DataGrip 2020.1 Help

Configure Big Data Tools environment

Before you start working with Big Data Tools, you need to install the required plugins and configure connections to servers.

Install the required plugins

  1. Whatever you do in DataGrip, you do it in a project. So, open an existing project (File | Open) or create a new project (File | New | Project).

  2. In the Settings/Preferences dialog Ctrl+Alt+S, select Plugins | Marketplace.

  3. Install the Big Data Tools plugin.

  4. Restart the IDE. After the restart, the Big Data Tools tab appears in the rightmost group of the tool windows. Click it to open the Big Data Tools window.
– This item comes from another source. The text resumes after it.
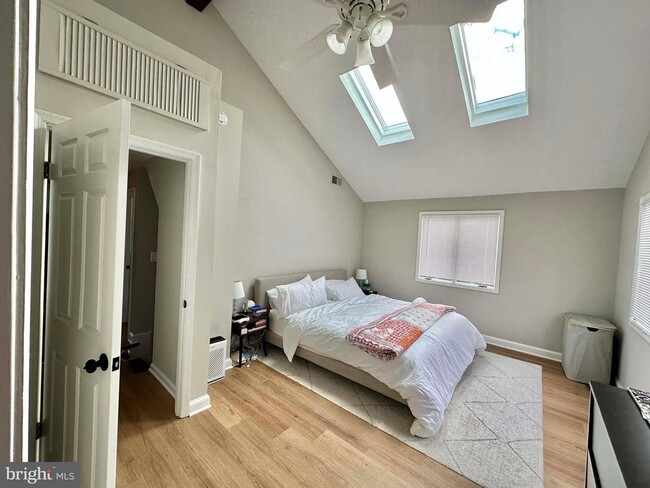 Building Photo - 1228 N Stuart St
    The view of DataGrip after the Big Data Tools plugin is installed

Once the Big Data Tools support is enabled in the IDE, you can configure a connection to a Spark, Google Storage, and S3 server. You can connect to HDFS, WebHDFS, AWS S3, and a local drive using config files and URI.

Configure a server connection

  1. In the Big Data Tools window, click Add a connection and select the server type. The Big Data Tools Connection dialog opens.

  2. In the Big Data Tools Connection dialog, specify the following parameters depending on the server type:

    • File Systems: FS | Local, FS | HDFS, SFTP

    • Storages: AWS S3, Minio, Linode, Digital Open Space, GS, Azure

    • Monitoring: Spark, Hadoop

    Local FS

    Mandatory parameters:

    • Root path: a path to the root directory.

    Optionally, you can set up:

    • Name: the name of the connection to distinguish it between the other connections.

    • Per project: select to enable these connection settings only for the current project. Deselect it if you want this connection to be visible in other projects.

    • Enable connection: deselect if, for some reasons, you want to restrict using this connection. By default, the newly created connections are enabled.

    HDFS connection

    Mandatory parameters:

    • Root path: a path to the root directory on the target server.

    • Config path a path to the HDFS configuration files directory. See the samples of configuration files.

    • File system URI an explicit uri of an HDFS server. Once you select this option, you need to specify the file system URI, for example localhost:9000 and a username to connect.

    Optionally, you can set up:

    • Name: the name of the connection to distinguish it between the other connections.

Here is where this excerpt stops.